Murat Yakin décidait logiquement de ne rien changer à l'attaque de la deuxième période, tant son équipe était bien dans le match. Certes, l'Allemagne a eu la possession du ballon avant la pause (65%) et a plus tiré au but (7-2) que la Nati, mais ces chiffres ne reflétaient en rien la réalité de la rencontre.
Non pas que la Suisse ait été flamboyante, non, mais elle était solide et déterminée, dans la foulée de ses matches de préparation de mars au Danemark (0-0) et en Irlande (victoire 1-0), lesquels ont servi à mettre en place cette défense à trois centraux qui a fait merveille ce dimanche à Francfort.
La Mannschaft élève le niveau en début de deuxième période
L'Allemagne a, de manière très logique, augmenté son niveau d'intensité en début de deuxième période, et Yann Sommer a alors eu l'occasion de montrer une partie de ses qualités, notamment sur une frappe de Jamal Musiala, bien boxée par le portier suisse (50e). Toni Kroos a ensuite tiré largement à côté (55e), mais la Suisse se mettait à reculer de manière assez significative. David Raum a encore pu tirer, au-dessus, à la 63e, et la Mannschaft s'installait dès lors résolument dans le camp suisse.
Murat Yakin change toute sa ligne offensive à la 65e
Conscient du danger, Murat Yakin décidait d'amener du sang frais en sortant Breel Embolo (logiquement fatigué) pour le remplacer par Kwadwo Duah dans le même registre, mais aussi Fabian Rieder et Dan Ndoye, ses deux milieux offensifs, pour laisser place à Zeki Amdouni et Ruben Vargas. Le sélectionneur a donc remplacé l'intégralité de sa ligne offensive en cette 65e minute, afin de pouvoir amener des jambes neuves et pouvoir jouer les contres à fond.
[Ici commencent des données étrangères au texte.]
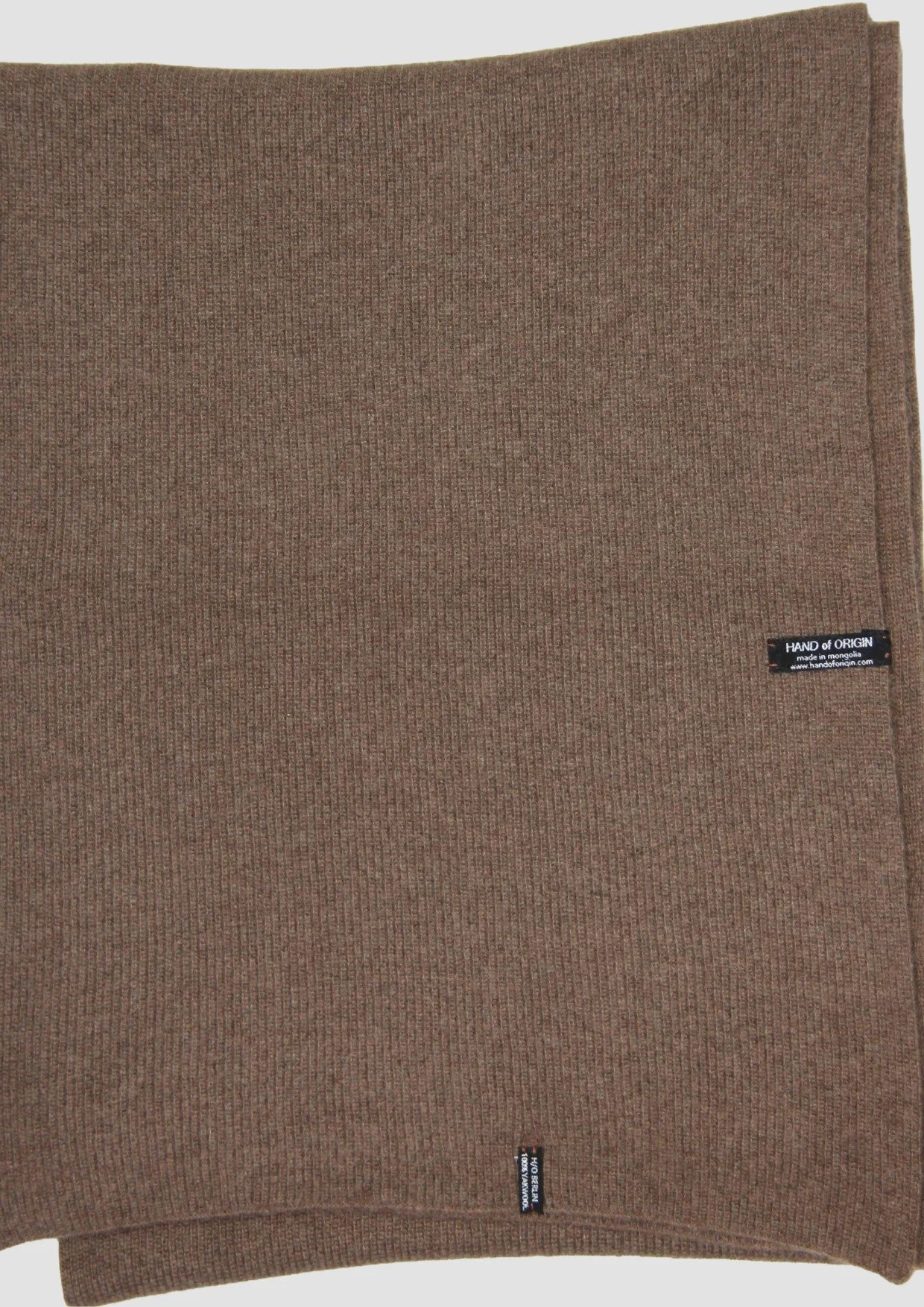 Shop a 100% Mongolian yak wool oversized scarf in natural brown. Warm and lightweight ribbed knit. Designed in Berlin and made in Mongolia by Hand of Origin.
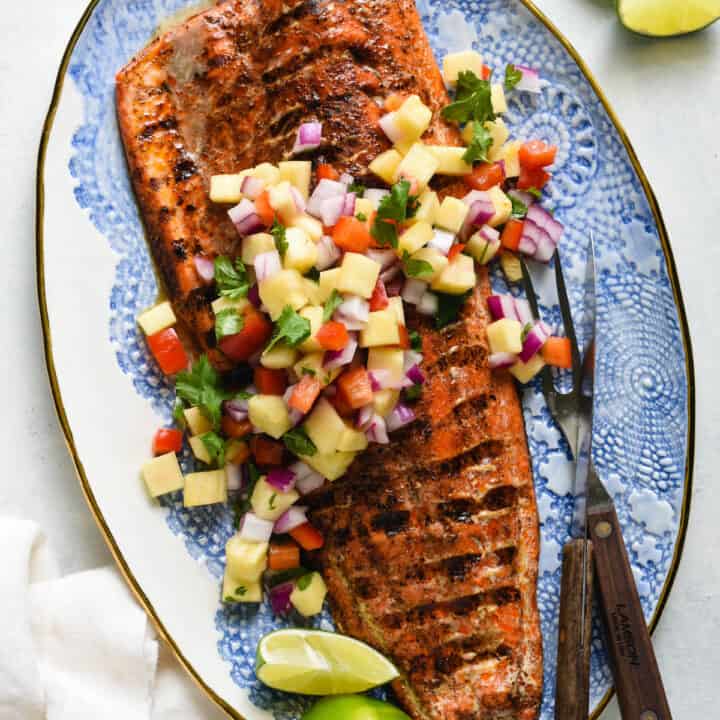 Decorative blue and white platter topped with a large piece of grilled salmon with skin and chopped pineapple salsa.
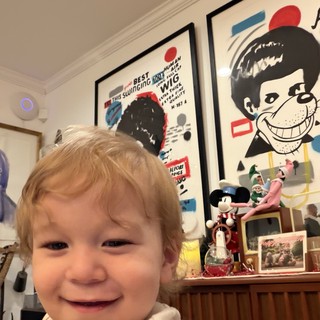 Joyful Toddler's Selfie in Vintage Comic-Themed Room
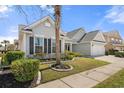 Landscaped front yard with beautiful lawn and flowering tree, inviting curb appeal to a charming home at 1178 Shire Way, Myrtle Beach, SC 29577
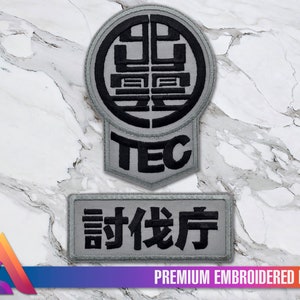 Pode incluir: Um remendo bordado cinza com um círculo preto contendo caracteres chineses e a palavra "TEC" abaixo. Um segundo remendo bordado cinza com os caracteres chineses "說俠房" está abaixo do primeiro remendo.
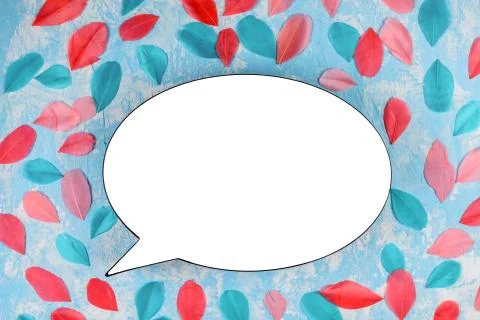 White bubble on the bright background coverd with colorful feathers. Stock Photos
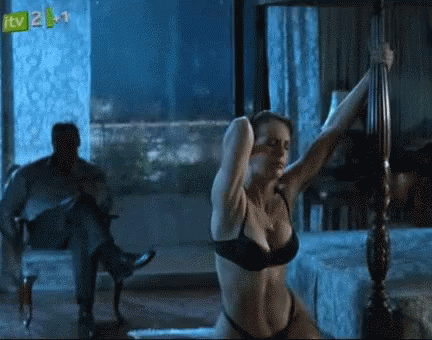 A Woman In Lingerie Is Dancing In Front Of A Man In A Chair With Itv 2 On The Bottom Right Corner GIF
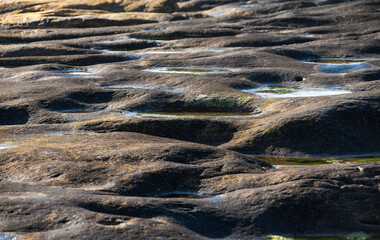 clear water in the rocks of the rocky ocean shore
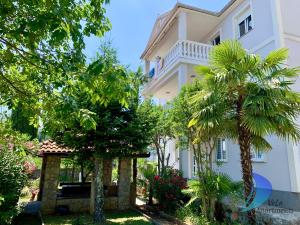 a large white building with trees in front of it at VeLa Apartments in Ičići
Coïncidence ou non, la Nati souffrait dès lors beaucoup moins, en tout durant les premières minutes après ce triple changement, et Julian Nagelsmann, constatant l'impuissance offensive de son équipe, a décidé de sortir son duo magique Florian Wirtz et Jamal Musiala à la 76e! Si flamboyants depuis le début de la compétition, les deux hommes n'ont jamais trouvé la solution pour perturber l'arrière-garde suisse, où Fabian Schär, Manuel Akanji et Ricardo Rodriguez ont accompli ce dimanche un travail remarquable, pour ne pas dire plus.
Ils ont cependant craqué à la 92e face à Niclas Füllkrug, toujours aussi redoutable de la tête, et qui a pu placer son coup de boule au bon endroit pour tromper Yann Sommer. Rageant et frustrant! La Nati avait en effet marqué le 2-0 par Ruben Vargas un peu plus tôt, une réussite annulée pour hors-jeu, et une frappe monumentale de Granit Xhaka, élu «homme du match» a été déviée en corner par Manuel Neuer peu après...
Place désormais à ce huitième de finale, l'objectif minimal! Que ce soit face à la Croatie, l'Italie ou l'Albanie, une chose est sûre: le coup sera jouable. Pas facile, bien sûr. Mais jouable.